Il punto cruciale del rapporto tra politica ed economia sta in queste due leggi, che tali sono per me, ma non per il liberale riluttante: la prima dice che più lo Stato spende, più aumenta la probabilità che dissipi il denaro sottratto a forza dalle tasche dei contribuenti; la seconda afferma che più lo Stato spende a debito, più la dissipazione aumenta. Il liberale riluttante sembra aver dimenticato uno dei principi dell’economia, il quale vige nel collettivismo e nel capitalismo, e pure nel Cristianesimo: l’investimento è aleatorio e l’alea viene ridotta soltanto se l’investitore rischia in proprio. La realtà effettuale lo dimostra e la “parabola del seminatore” lo spiega bene. All’insegnamento evangelico dovette ispirarsi il “gesuita” (educato nel liceo dei Gesuiti, intendo!) Mario Draghi quando parlò di “debito buono” e “debito cattivo” alla platea di “Comunione e Liberazione”, guarda un po’. Purtroppo il liberale riluttante, tumido di laicità, identifica la spesa pubblica con l’investimento pubblico, scambia l’intenzione con il risultato, anche dove, all’evidenza, si tratta di spesa corrente, in ogni senso. Helmut Schmidt, Cancelliere tedesco, diceva che “gli investimenti di oggi sono i profitti di domani e i posti di lavoro di dopodomani”. Eppure era socialdemocratico, nemmeno liberale.

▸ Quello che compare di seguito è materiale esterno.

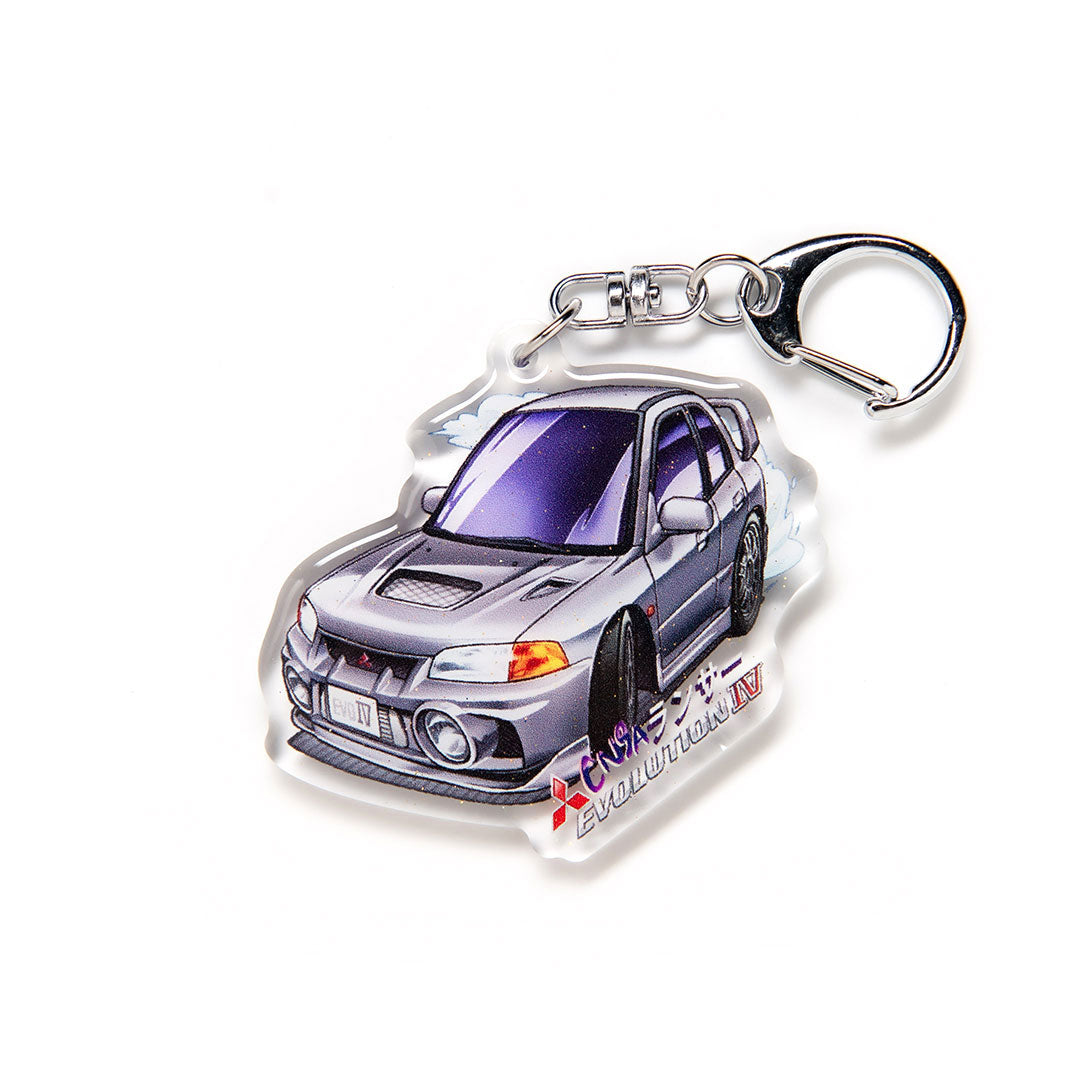 Lancer Evo 4 Evolution IV CN9A Grey Metallic Silver Acrylic Charm Keychain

Lo Stato, indebitatosi irragionevolmente fino al collo, è portato ad autogiustificare l’ulteriore debito con la necessità di tamponare se non rimediare eccezionalmente alle conseguenze del debito precedente. Così l’improvvida politica del passato diventa la falsa giustificazione di un improvvido rimedio, una regola ordinaria di finanza pubblica. Il liberale riluttante non vuole sentirsi cattivo ed egoista ma stare con quelli che gl’illiberali hanno catalogato come buoni e altruisti. Perciò ha abbandonato, in teoria e in pratica, l’individualismo etico e l’etica aristotelica. Come ha scritto Charles Gave, sulla scorta di Ayn Rand, “una società fondata su un altruismo ugualitario ed ostentato va a finire sempre nella miseria e nella dittatura”.